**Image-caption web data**
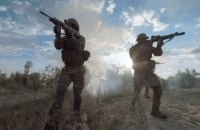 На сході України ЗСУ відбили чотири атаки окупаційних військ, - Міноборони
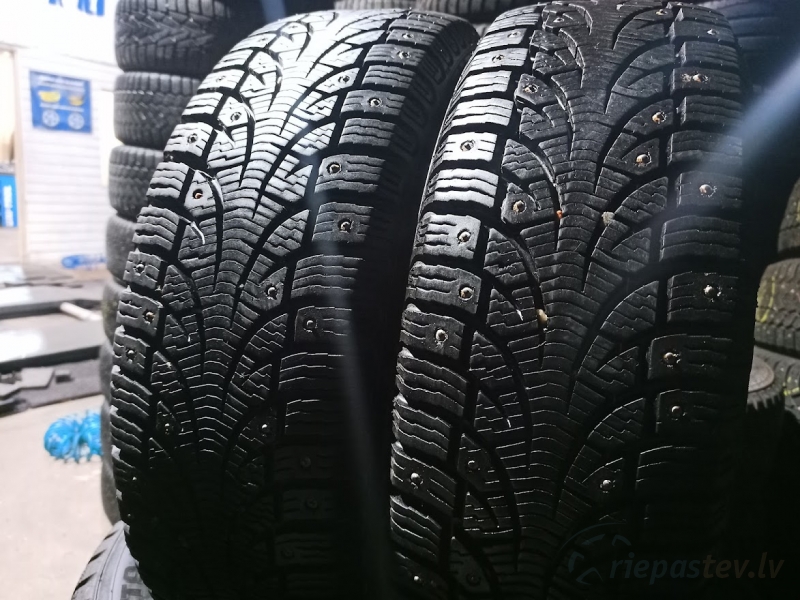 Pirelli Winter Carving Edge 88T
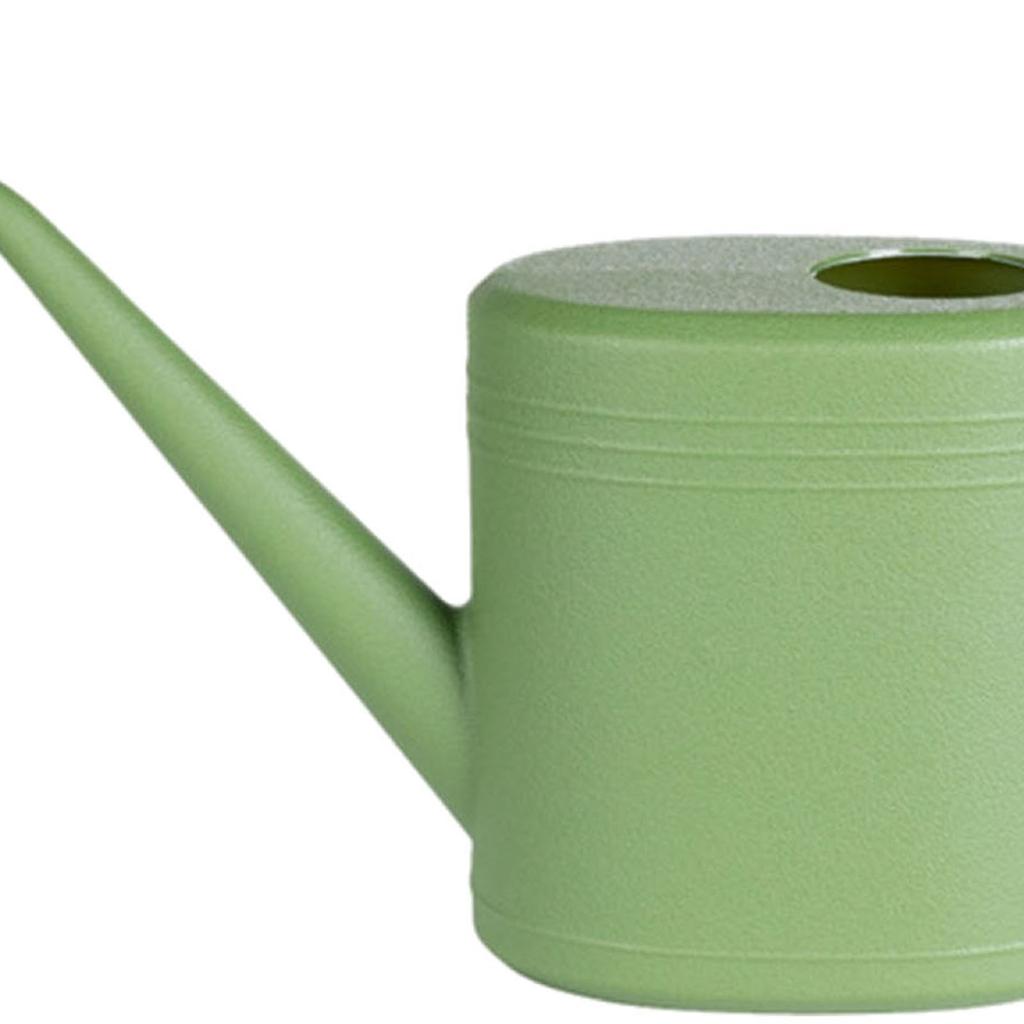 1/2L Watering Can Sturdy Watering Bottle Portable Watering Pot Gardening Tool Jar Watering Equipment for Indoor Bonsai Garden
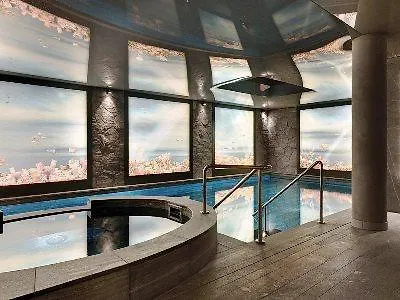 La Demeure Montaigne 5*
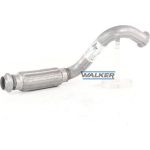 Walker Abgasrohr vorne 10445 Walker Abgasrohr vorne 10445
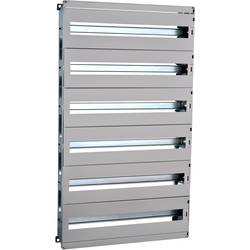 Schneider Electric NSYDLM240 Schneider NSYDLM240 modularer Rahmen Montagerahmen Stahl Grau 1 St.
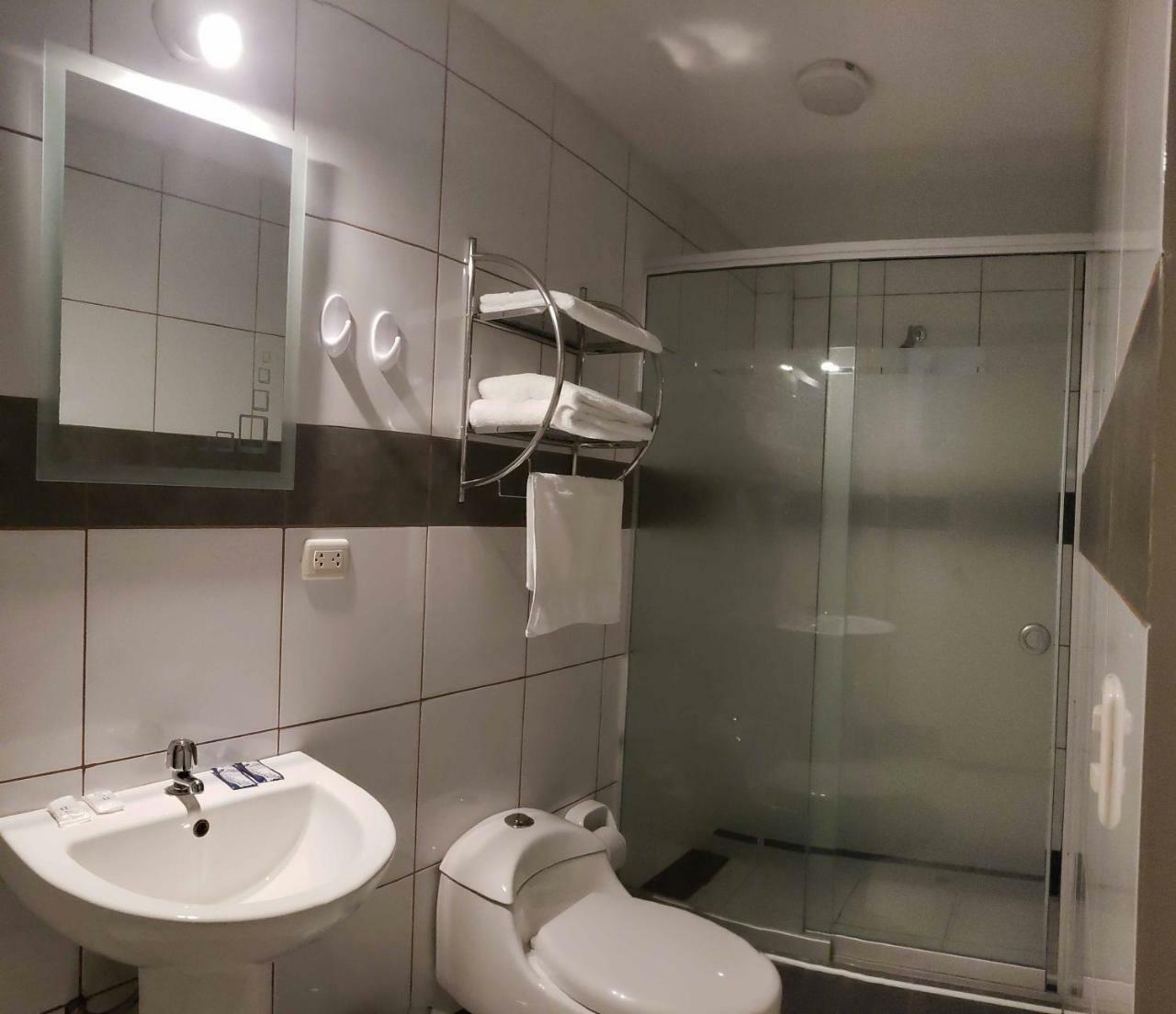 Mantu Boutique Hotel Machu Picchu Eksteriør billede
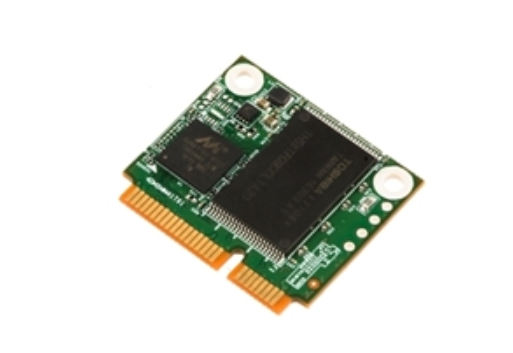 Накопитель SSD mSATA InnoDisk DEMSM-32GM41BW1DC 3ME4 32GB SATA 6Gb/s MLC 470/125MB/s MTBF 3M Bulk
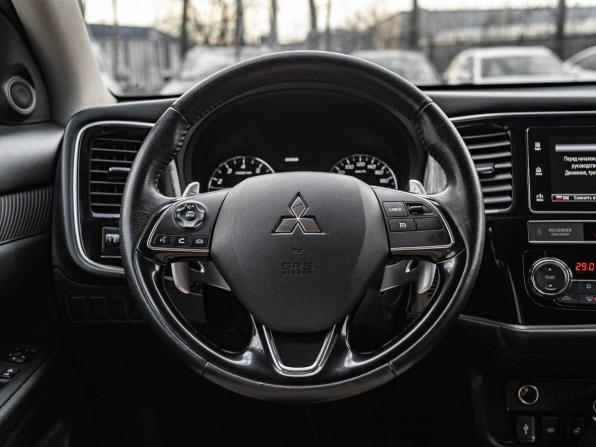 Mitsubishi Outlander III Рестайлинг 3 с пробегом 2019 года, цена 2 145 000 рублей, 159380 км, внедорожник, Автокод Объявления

**Exercise instructions**
Make an exact copy of the lines above, starting at the line that contains "Накопитель SSD mSATA" and running through the final line of the entries. Omit the pictures.

**Answer to the exercise**
 Накопитель SSD mSATA InnoDisk DEMSM-32GM41BW1DC 3ME4 32GB SATA 6Gb/s MLC 470/125MB/s MTBF 3M Bulk
 Mitsubishi Outlander III Рестайлинг 3 с пробегом 2019 года, цена 2 145 000 рублей, 159380 км, внедорожник, Автокод Объявления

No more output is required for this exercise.